RECORDS: Begin
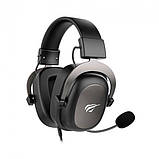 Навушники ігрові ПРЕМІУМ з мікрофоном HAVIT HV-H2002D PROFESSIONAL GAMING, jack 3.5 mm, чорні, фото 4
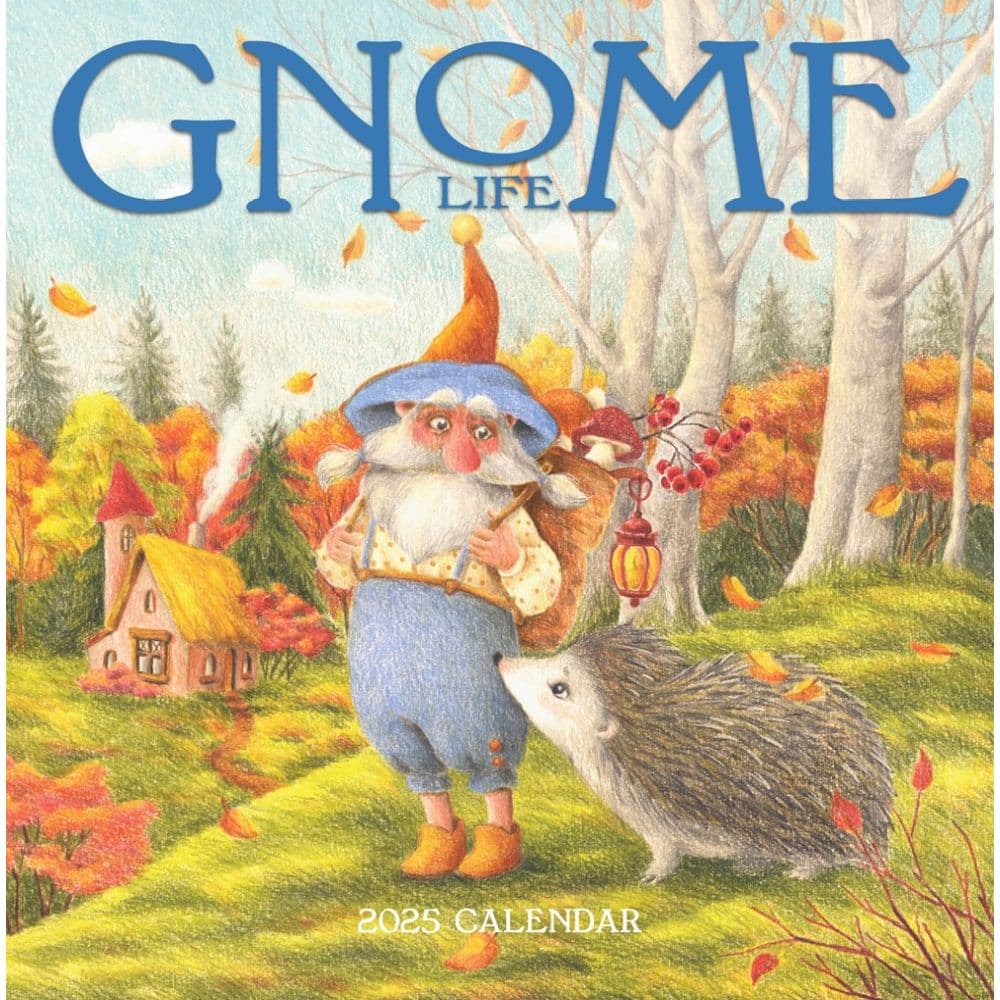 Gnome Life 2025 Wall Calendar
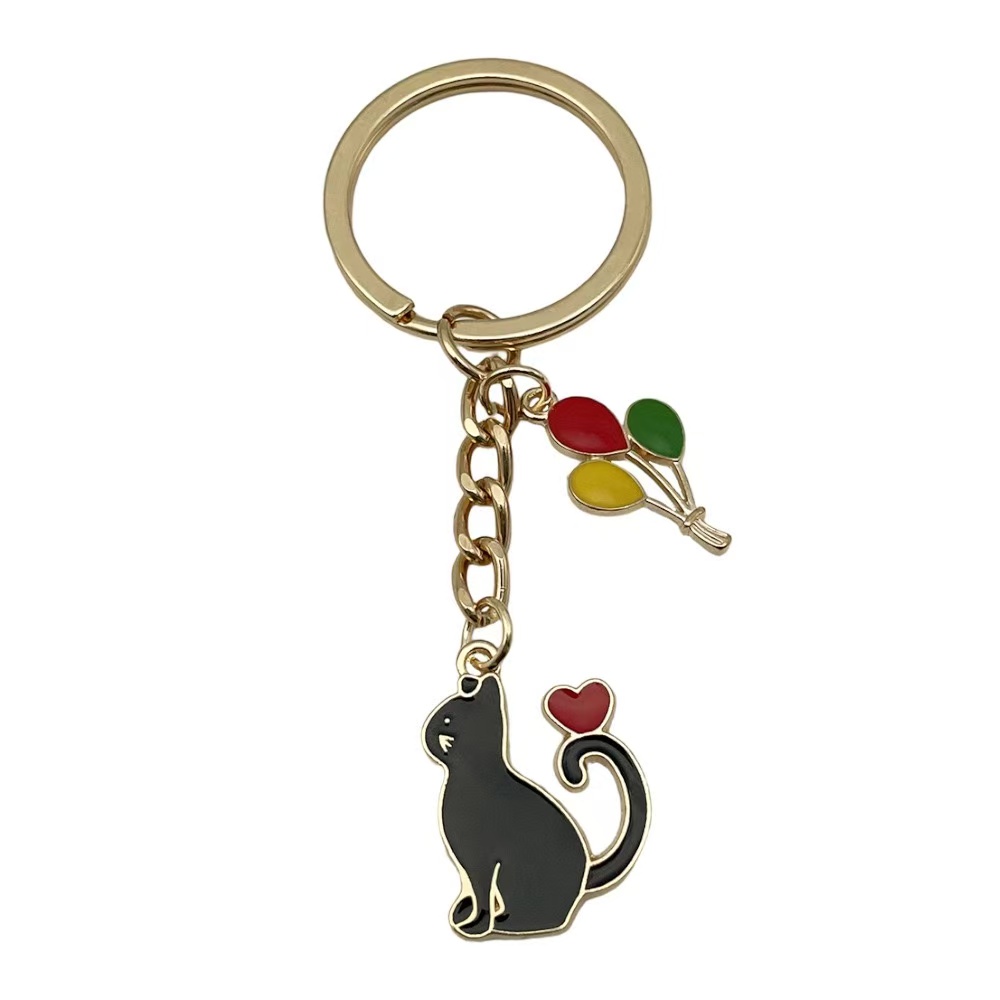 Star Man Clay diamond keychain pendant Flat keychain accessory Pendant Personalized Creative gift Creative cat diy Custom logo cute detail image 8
RECORDS: End
RECORDS: Begin
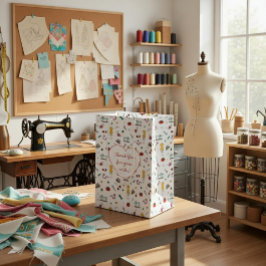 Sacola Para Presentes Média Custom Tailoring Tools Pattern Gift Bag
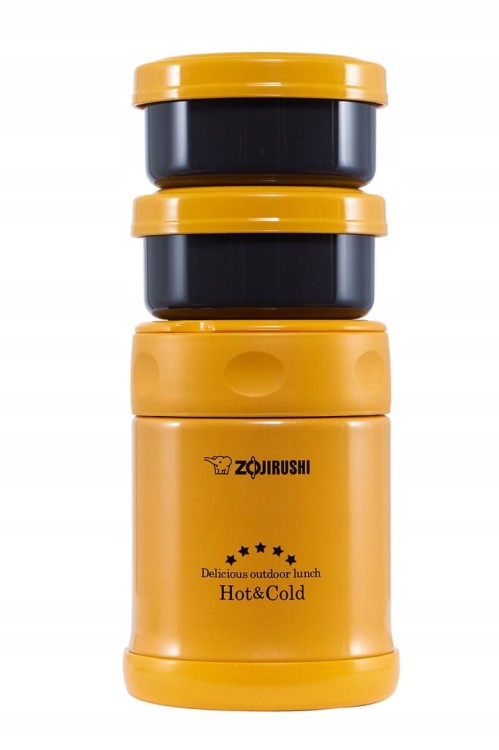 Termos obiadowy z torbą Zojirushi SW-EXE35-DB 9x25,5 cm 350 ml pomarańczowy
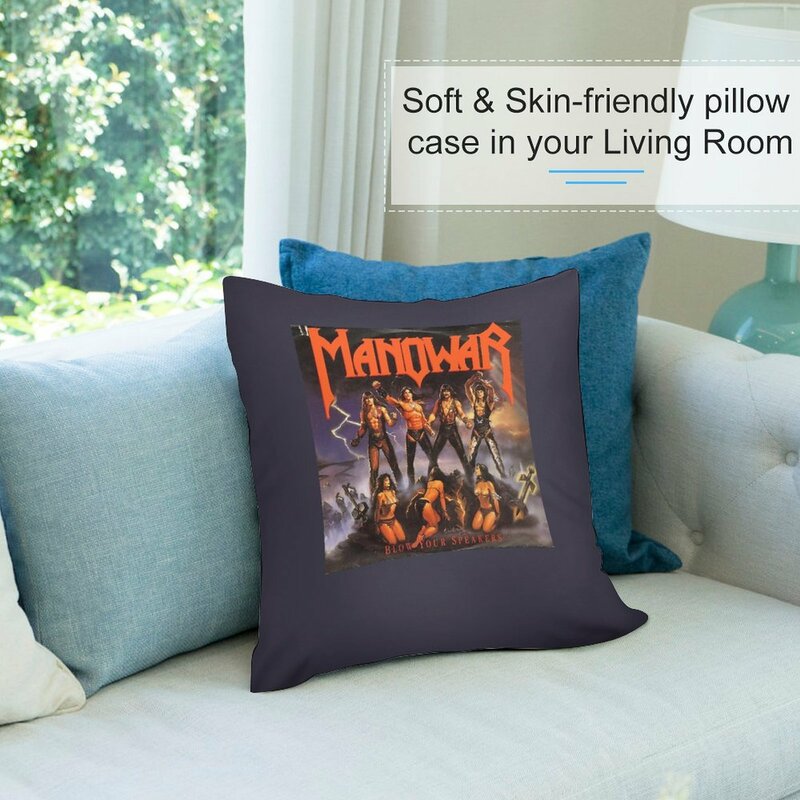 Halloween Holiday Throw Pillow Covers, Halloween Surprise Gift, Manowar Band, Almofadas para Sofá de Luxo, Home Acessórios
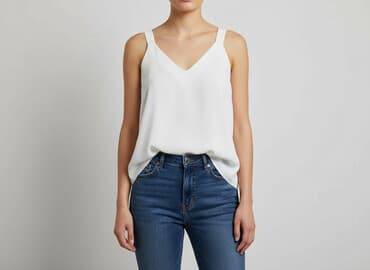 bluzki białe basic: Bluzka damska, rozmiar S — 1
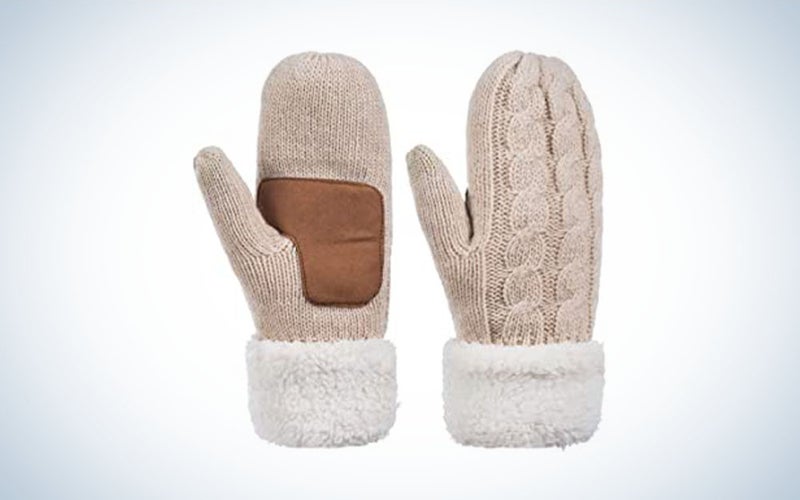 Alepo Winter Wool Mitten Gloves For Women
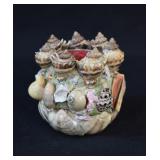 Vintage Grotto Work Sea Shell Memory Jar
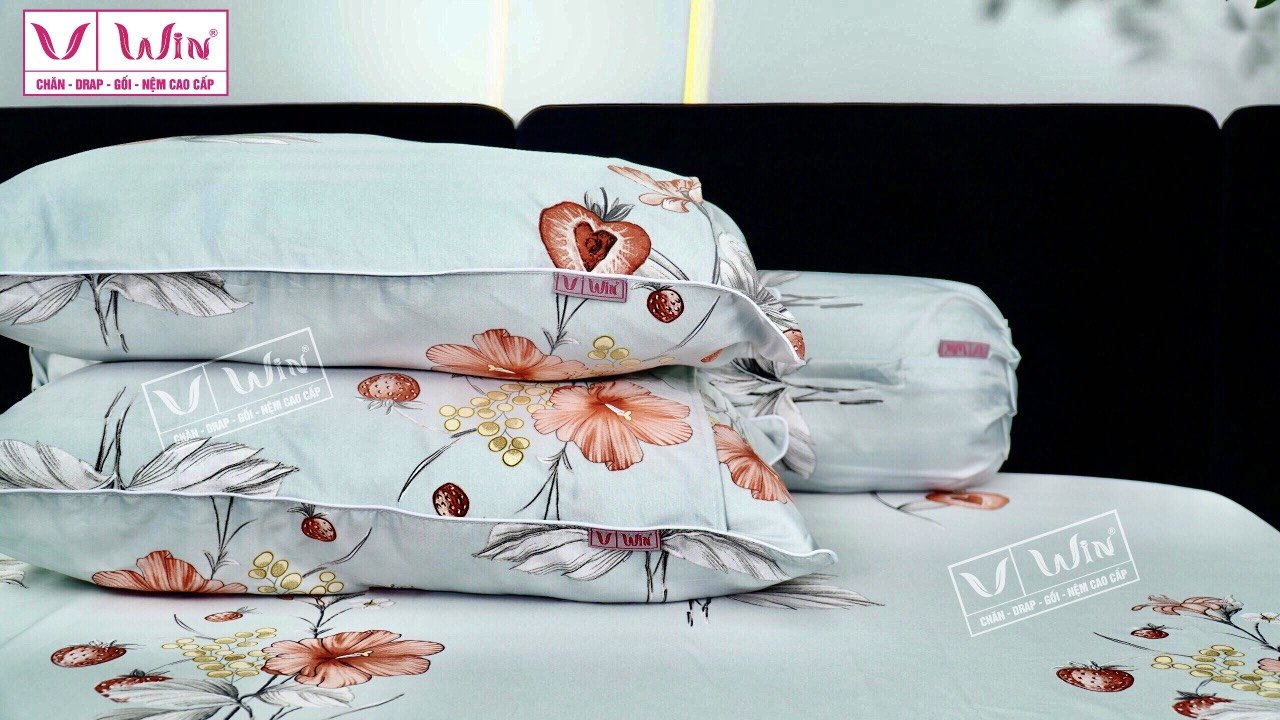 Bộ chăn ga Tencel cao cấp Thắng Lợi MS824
RECORDS: End
RECORDS: Begin
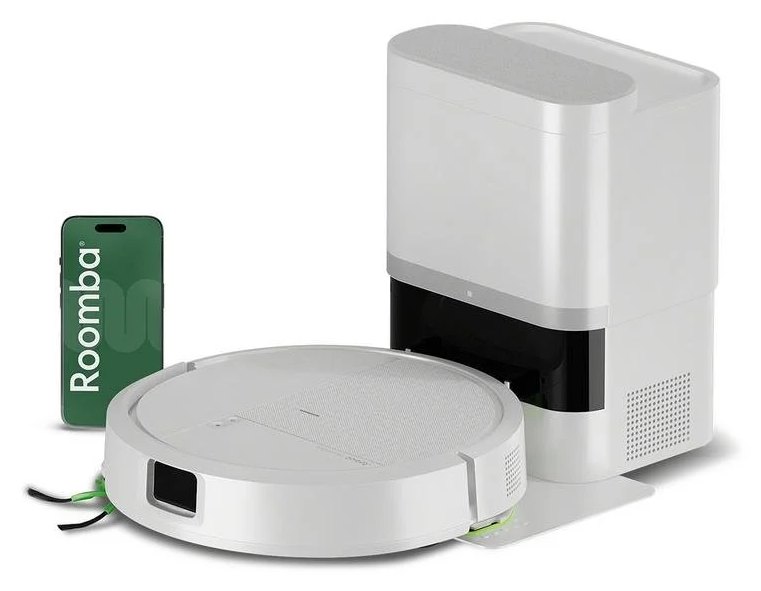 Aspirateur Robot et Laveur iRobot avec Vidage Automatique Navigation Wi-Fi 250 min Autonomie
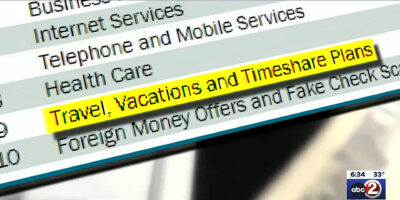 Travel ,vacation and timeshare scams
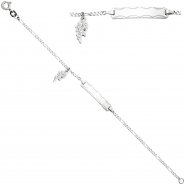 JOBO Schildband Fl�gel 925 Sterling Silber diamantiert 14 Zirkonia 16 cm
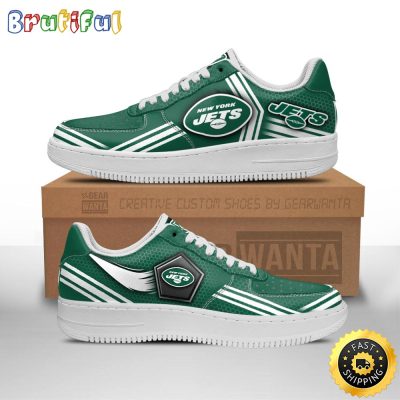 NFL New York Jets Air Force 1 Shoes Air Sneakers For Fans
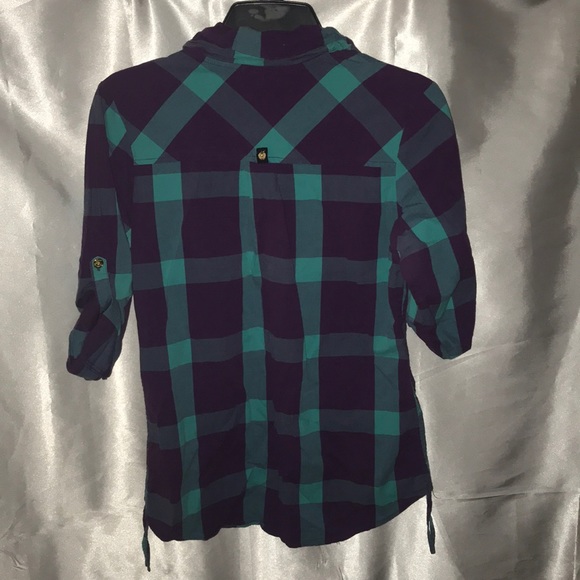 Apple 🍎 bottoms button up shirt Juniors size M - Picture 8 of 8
RECORDS: End
→ EXERCISE
What is needed is an exact copy of the lines above, from the one holding "JOBO Schildband Fl�gel" down to the one holding "Apple 🍎 bottoms", with those two included and the pictures left out.

→ EXERCISE RESPONSE
 JOBO Schildband Fl�gel 925 Sterling Silber diamantiert 14 Zirkonia 16 cm
 NFL New York Jets Air Force 1 Shoes Air Sneakers For Fans
 Apple 🍎 bottoms button up shirt Juniors size M - Picture 8 of 8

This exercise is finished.